==== Input data ====

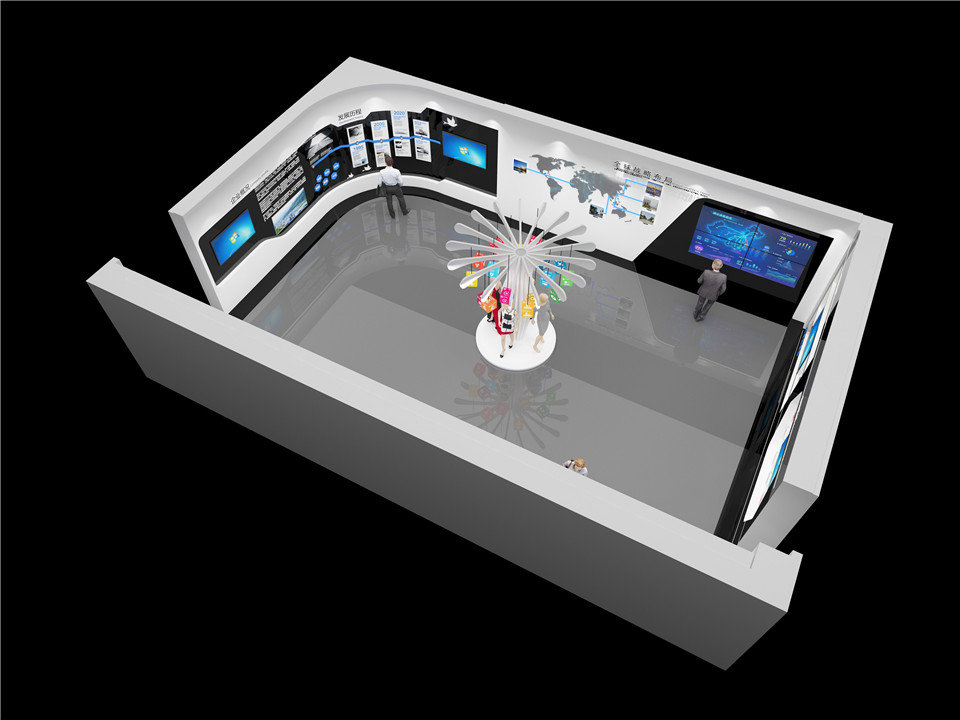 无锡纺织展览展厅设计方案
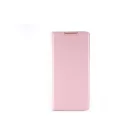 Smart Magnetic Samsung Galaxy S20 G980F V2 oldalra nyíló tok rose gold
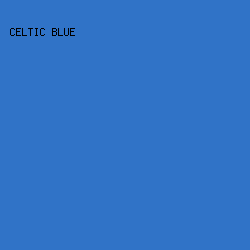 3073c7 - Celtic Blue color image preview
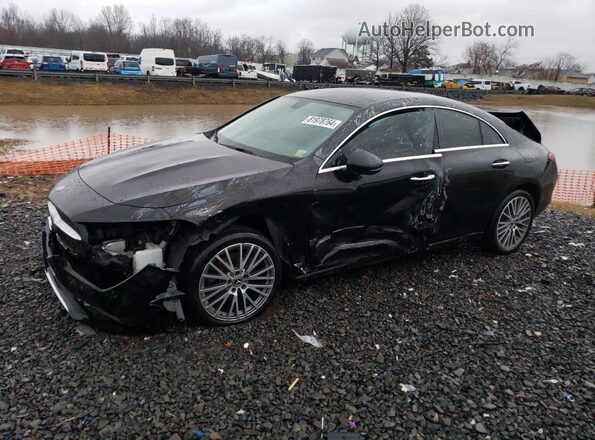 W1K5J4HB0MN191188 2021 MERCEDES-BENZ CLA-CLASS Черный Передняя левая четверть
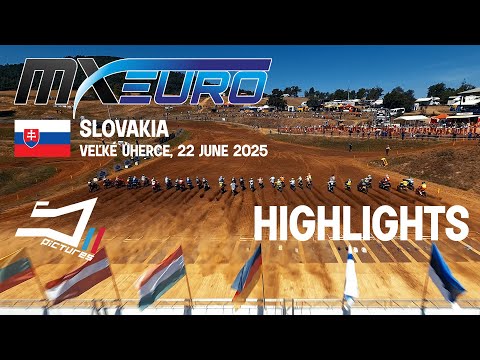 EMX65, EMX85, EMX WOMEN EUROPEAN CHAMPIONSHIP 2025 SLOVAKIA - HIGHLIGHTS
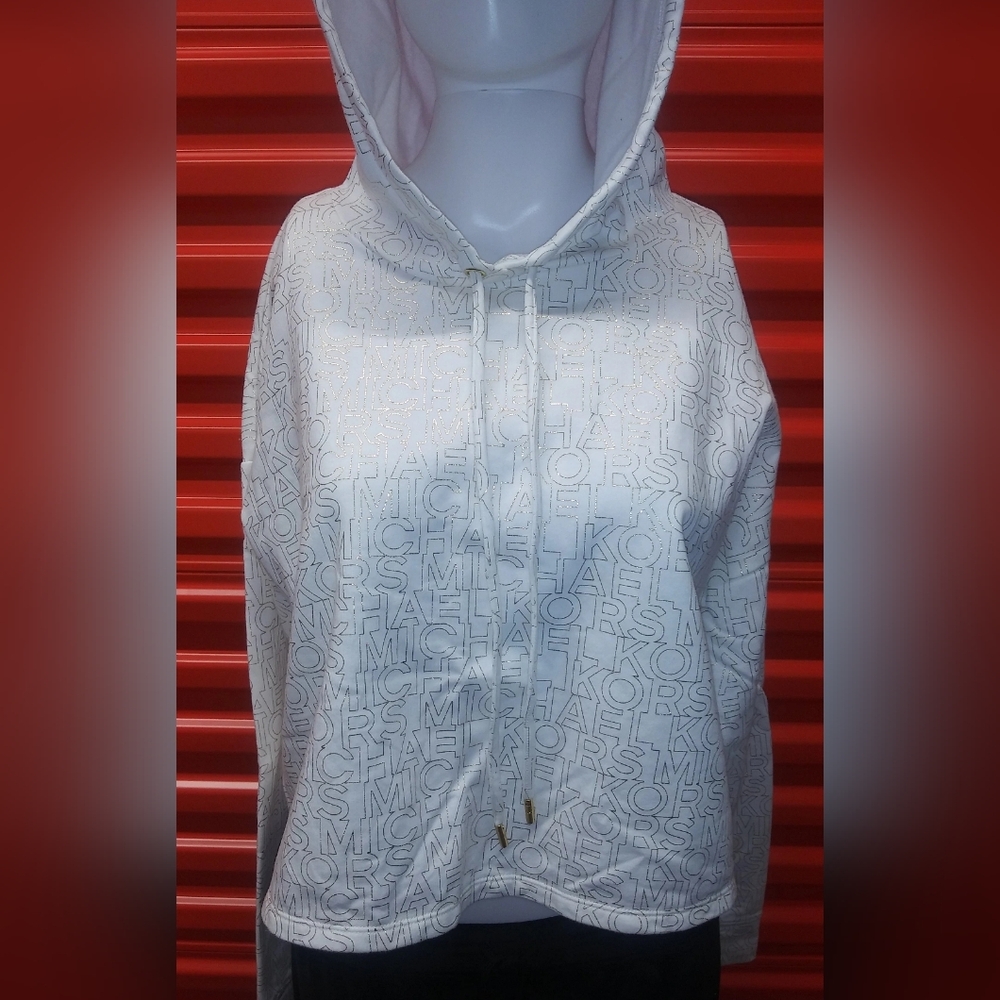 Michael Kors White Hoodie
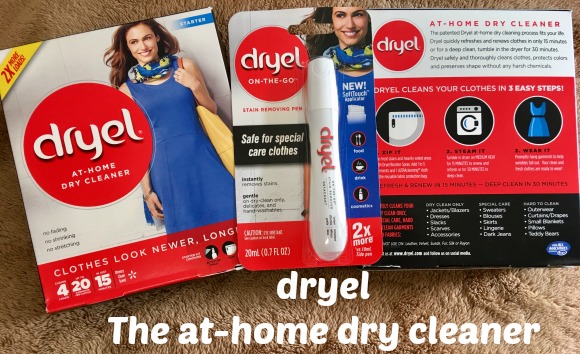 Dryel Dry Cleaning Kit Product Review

====

* **Problem**:
In your answer, print the entries above exactly, with the pictures left out.

* **Solution to the problem**:
 无锡纺织展览展厅设计方案
 Smart Magnetic Samsung Galaxy S20 G980F V2 oldalra nyíló tok rose gold
 3073c7 - Celtic Blue color image preview
 W1K5J4HB0MN191188 2021 MERCEDES-BENZ CLA-CLASS Черный Передняя левая четверть
 EMX65, EMX85, EMX WOMEN EUROPEAN CHAMPIONSHIP 2025 SLOVAKIA - HIGHLIGHTS
 Michael Kors White Hoodie
 Dryel Dry Cleaning Kit Product Review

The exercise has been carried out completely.